For supporting these investigations, we are developing new simulation software called SImulator for Closed Life and Ecology, SICLE, which simulates resource recycling and control of the ECLSS. At present, SICLE has operability and expandability, and it is able to help study of closed ecosystem. In addition, we have been improving SICLE to fit for other fields such as logistics.
Resource recycling in the ECLSS is to recycle substances that are needed for human activity and emission matters by utilizing plants and physicochemical devices. Water, oxygen, carbon dioxide and nitrogen are the main component substances. Though some simulators that can simulate resource recycling have been released in the past, we have been developing a simulator with the three following features to accommodate research and development of more diversification and complex life support system.
First, it is important to use a design concept that is based on scientific results. SICLE is a simulator designed based on the scientific results that have supported research of advanced life support system in a real ECLSS research facility, CEEF.
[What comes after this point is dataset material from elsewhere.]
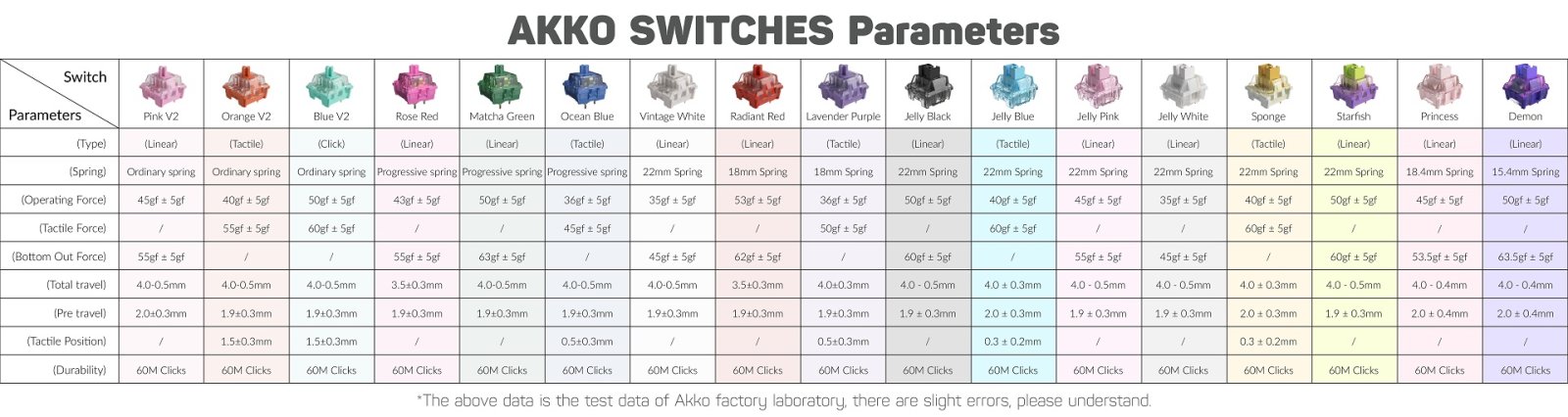 Akko switches.jpg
Second, it is important to have an interface that attached importance to direct operability. In a life support system that a large variety of resources and devices cooperate complicatedly, it is important to cognize the detail setting of each device from grasp of system perspective visually and easily. Therefore, SICLE enables a selection operation of the device by icons and making of block diagrams for a designer can design systems easily. In addition, we can grasp and trace the process of simulation visually and change the status such as a device stop and trouble even though SICLE is running.
Finally, it is important to be a software structure including expandability. In order to enable inserting various devices in simulation, SICLE provides a function to easily model various resource recycling systems such as producing and implementing user defined new device and human beings-plant model. Furthermore, SICLE adopts a class structure and algorithm including expandability for applicable to other field.
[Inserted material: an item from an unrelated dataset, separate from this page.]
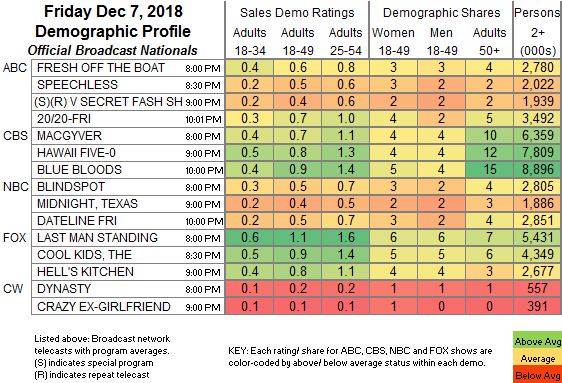 Cnn Ratings Chart 2018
SICLE provides ECLSS simulations, which can consistently carry out system design, simulation practice and data analysis. It can confirm and grasp a state of simulation anytime. You can easily set up system and change parameters, and can execute and analyze the simulation of various patterns.
The Mars Desert Research Station (MDRS), which is owned and operated by the Mars Society, is a simulated Mars Analogue Research Station in the Utah desert. As the member of the Team NIPPON that consisted of researchers from Japan who conducted a mission at the MDRS as Crew 137 from March 1 to March 15, 2014 and as Crew 165 from March 5 to March 20, 2016, we collected valuable data for further development of SICLE simulations. The crew handled a strong request for conserving water during the MDRS mission through carefully planned cooking and dish washing and reducing showers and toilet flushing. Meanwhile, the measurement of the amount of water supply and drainage was one of the significant research items on this mission, which consequently provided invaluable data of water consumption required for living with a restricted water supply for two weeks.
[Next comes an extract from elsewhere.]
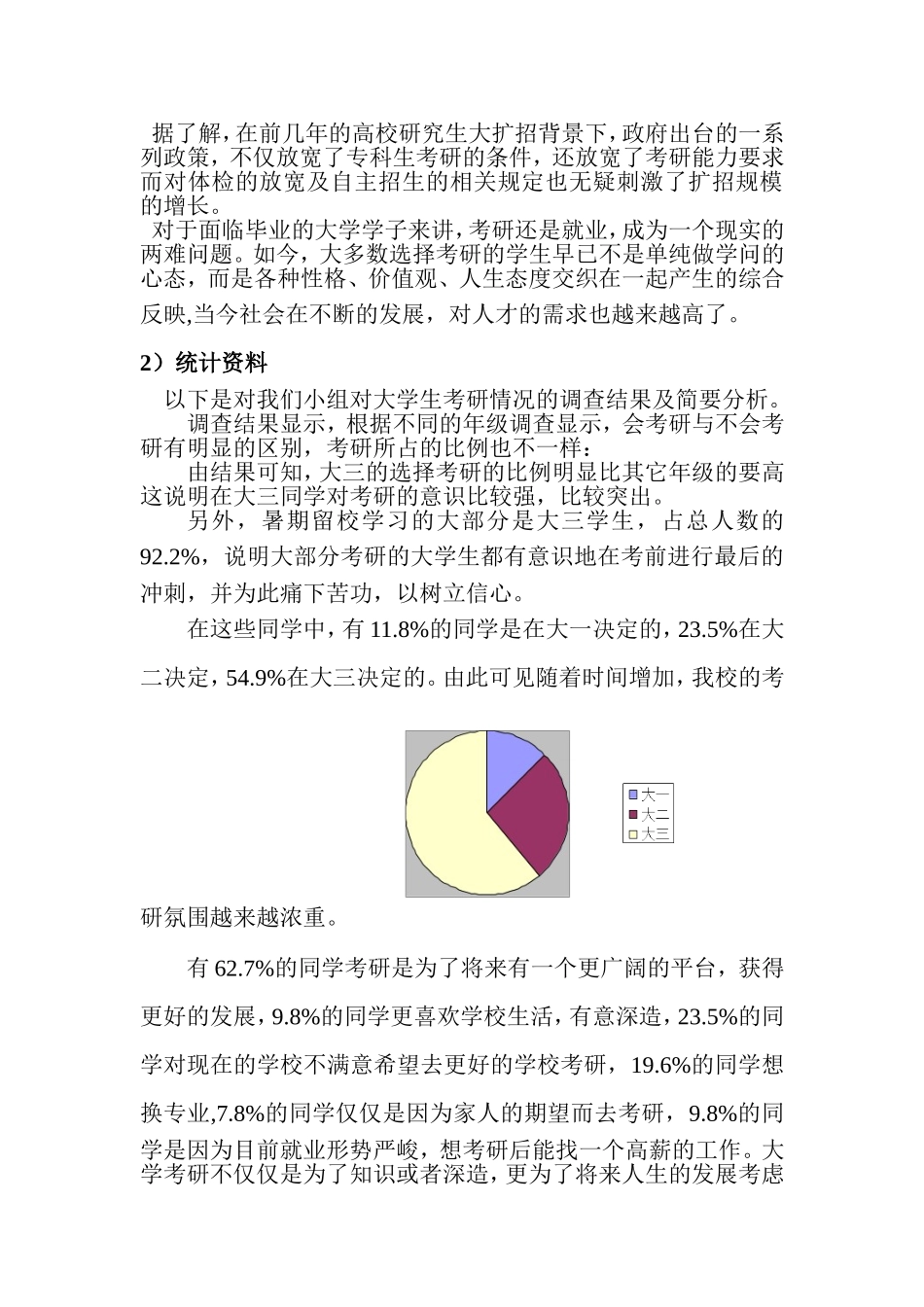 大学生考研情况调查报告_第3页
Inspiration Mars Mission Design Winner Team Kanau
In the summer of 2014, The Mars Society held an international student design competition, Inspiration Mars Student Design Contest. Inspiration Mars is a manned spaceflight mission to Mars driven by Inspiration Mars Foundation. The main concept described in its architecture study report and feasibility analysis paper is sending two Americans, one male and one female, into free-return orbit to Mars in 2018 so that the journey takes only 501 days owning to the special orbital positioning between Earth and Mars. Team Kanau is one of the student competition entry groups that consisted of students and young professionals from Japan and U.S. Team Kanau’s mission design won the first prize in the final presentation. Since ECLSS analysis is the key factor of this long duration mission design, we collaborated with Team Kanau to determine an optimal system design, especially to decide the size of recycling tanks, offering SICLE as its simulation software.